Romanthony RIP

One of the hardest things to write in music journalism is an obituary with a sense of decency. Technology allows each and everyone to grieve publicly, and more often than not, artists that seemed currently irrelevant or half-forgotten, find themselves confronted with an exponentiated discipleship. Whatever the case with the late Anthony Wayne Moore, alias Romanthony, his idiosyncratic contribution to house music is incontestable.

Apparently a resident of Eatontown, New Jersey (that's the mailing address on the labels of his own Black Male Records outfit, anyway), he remained a life-long mystery in a scene that loves to make and break over-hasty careers. Rooted in the churchy style of Jersey, but blended with the secular blues, his uncanny ability to capture heartache and a poignancy that often ended in euphoria, Romanthony's career creatively blossomed and peaked in the early to mid-’90s.

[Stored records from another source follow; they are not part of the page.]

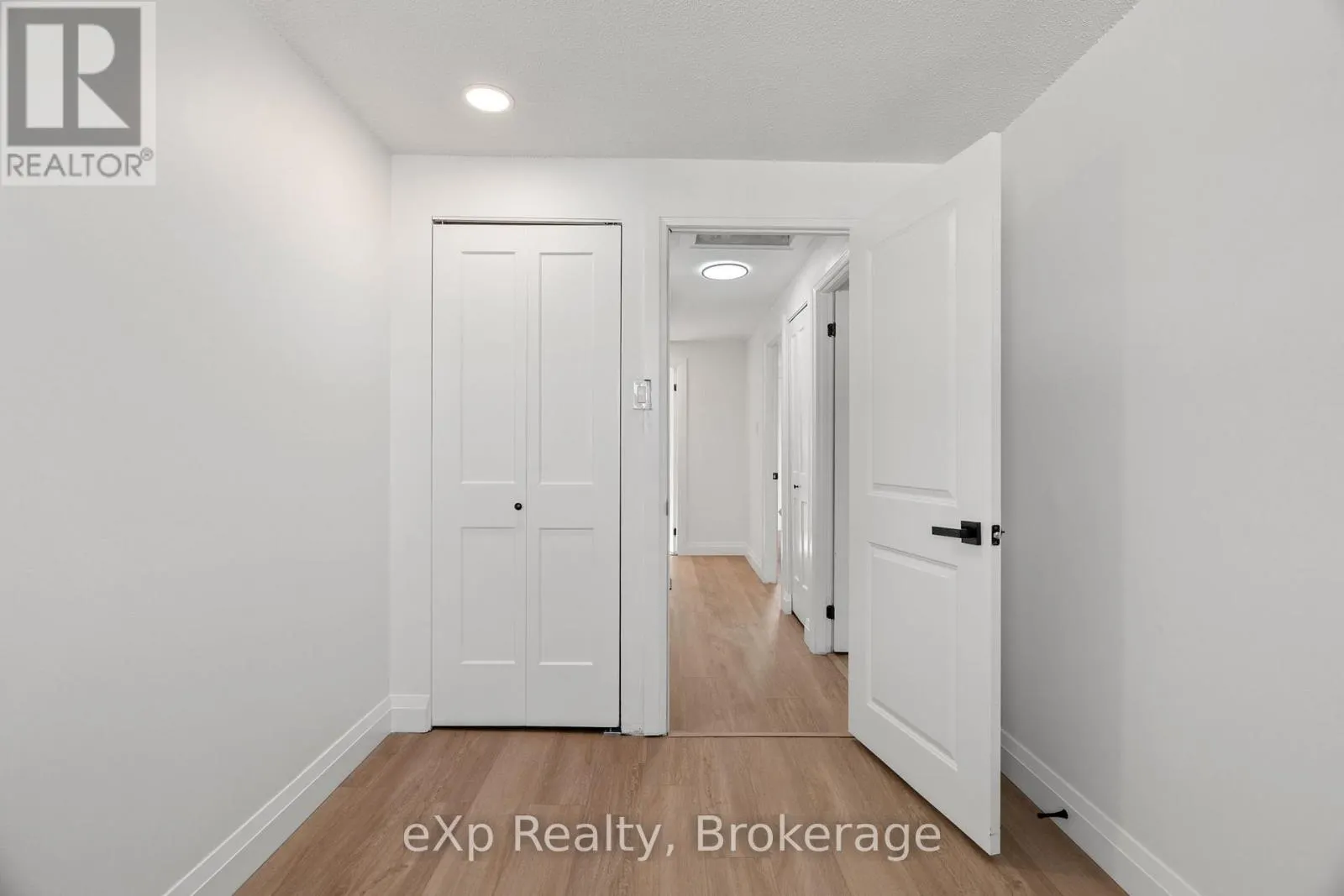 38 - 88 AVONWOOD DRIVE, #38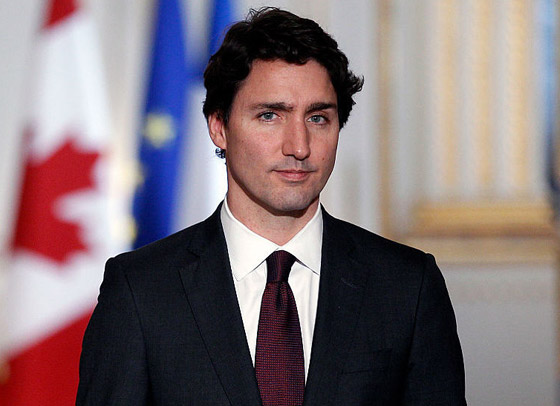 صورة لترودو رئيس وزراء كندا متنكرا بزي عنصري تهزه وتهدد منصبه! صورة رقم 21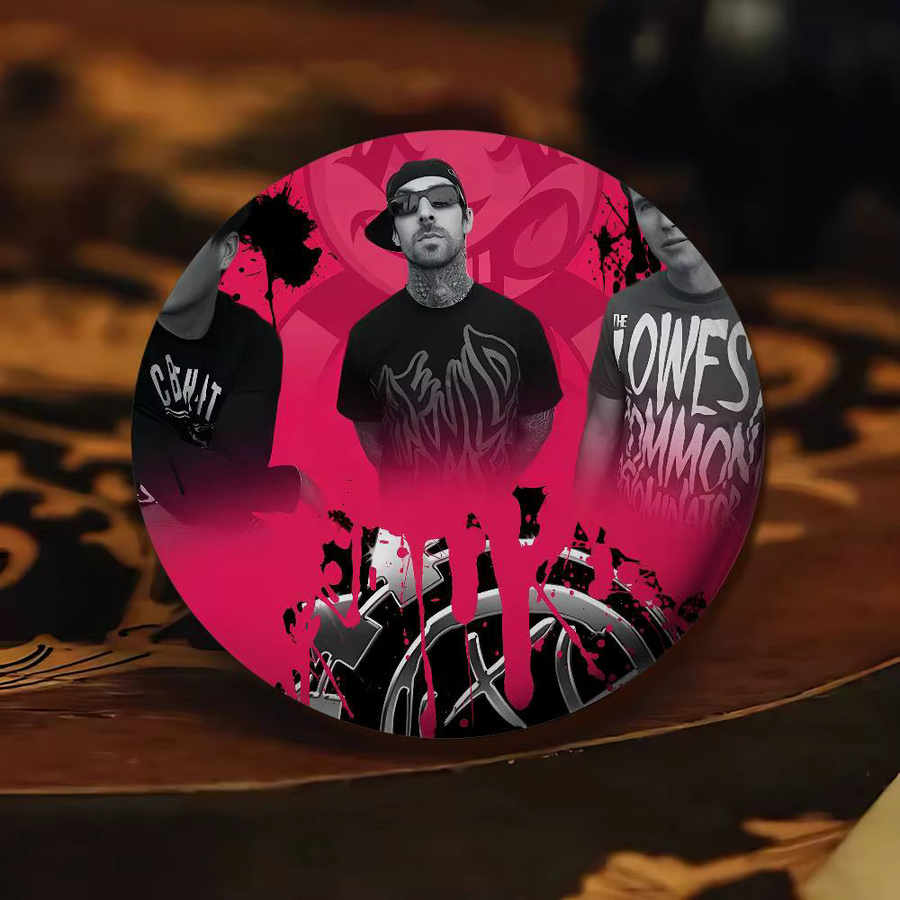 Mesuca Brosche, B-Blink 182 Rock Band, Weißblech, Rund - Bild 3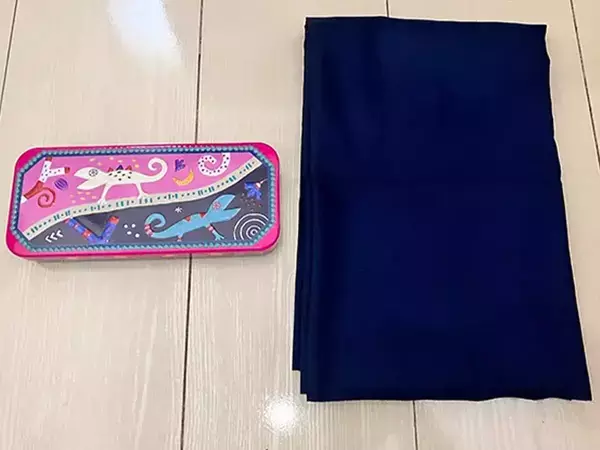 【節約】材料費0円！　チョコ缶を捨てずに再利用　“布を折るだけ”収納術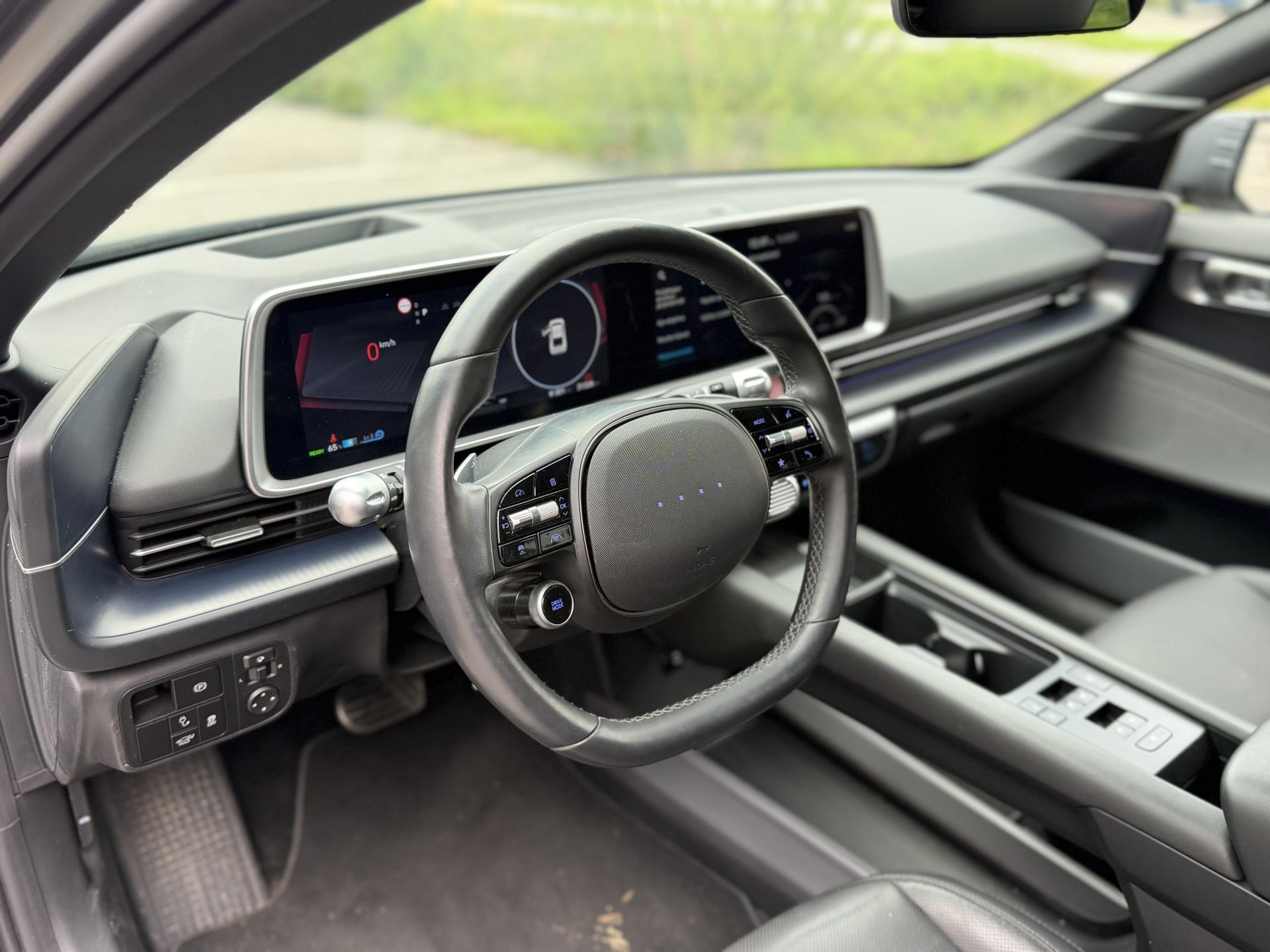 HYUNDAI Ioniq 6 2024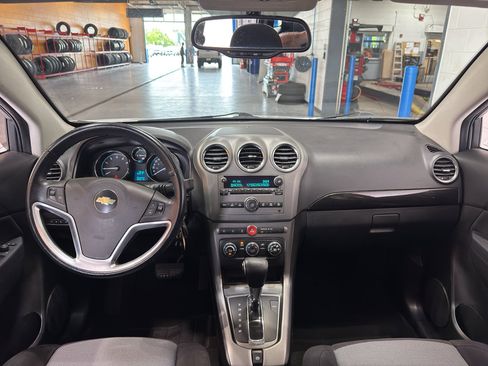 Used 2014 Chevrolet Captiva Sport LS FWD image 13
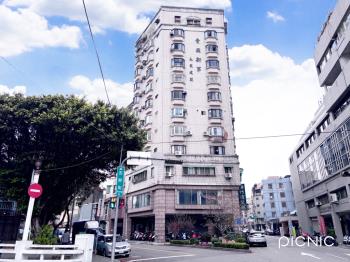 中區貴族新第採光套房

Frightened, unaware or just calculating, interviews with the singer-producer were rare in his heyday and one of the few later revelations still left enough room for speculation. In a strange way, he managed to place Christian gospel next to Malcolm X or Louis Farrakhan, muezzin samples, self-help advice, party instructions and oddly named mixes (Gigolo Jazz, Soul Vamp, Tronic, Fusion, Schizo) – a Trojan Horse indeed. The icing on the cake was his Prince-like voice, which even fooled hardcore fans of The Purple One. (There were even rumours at one point that Romanthony was a moniker of the Minneapolis genius.)

That drew other labels to him like moths to the flame. Chez Damier and Ron Trent signed his timeless blues house goliath “The Wanderer” for their equally large Prescription label in 1994. London's Azuli records released a string of records with Romanthony that collected some of his best works from “Let Me Show You Love” to Tony Humphries' remix for “Fall from Grace,” its reimbursement in the form of an audio love letter called “In the Mix.” And there is of course the mesmerizing, weird and wonderful debut full-length, Romanworld, that remains one of the few coherent house albums ever made.

Despite all of this – and even with a major chart hit under his belt courtesy of two fanboys from Paris – Romanthony was a Prince-turned-king that faded into obscurity or retirement with random signs of (a producer's) life, which never quite met his self-imposed standards. All that is left for now is to remember the “Good Tymz.”